FAQ-Free Clarifications

Is It Sugar-Free?

No. It’s free of added sugar. Lemons supply natural sugars, which is why the nutrition line still lists grams of total sugars.

Does It Have Carbs?

Yes—carbs from fruit. The medium cup lists 15 grams of carbohydrate.

Any Protein Or Fat?

Zero on both. This is a light, citrus-forward drink with calories tied to fruit sugars only.

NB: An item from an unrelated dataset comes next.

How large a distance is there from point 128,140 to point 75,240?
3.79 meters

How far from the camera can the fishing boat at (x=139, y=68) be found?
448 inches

Make Your Choice And Keep Hydration In Check

If you just want the lemon taste with a minimal calorie change to your meal, go with the 16-ounce cup. Want more sip time without a big jump? The 20-ounce size hits a nice middle ground. If you’re choosing the 32-ounce cup, enjoy it and balance the rest of the day’s picks. For general hydration questions, you might like our plain-spoken take on how much water per day.

Method And Sourcing Notes

All calorie and sugar values in this article come from the restaurant’s public nutrition tables. Sizes referenced: small (16 oz), medium (20 oz), large (32 oz). Recipes can vary slightly by location, but the listed numbers are based on standard formulations found on the brand’s nutrition page. Label terms for “total sugars” and “added sugars” follow U.S. Nutrition Facts definitions.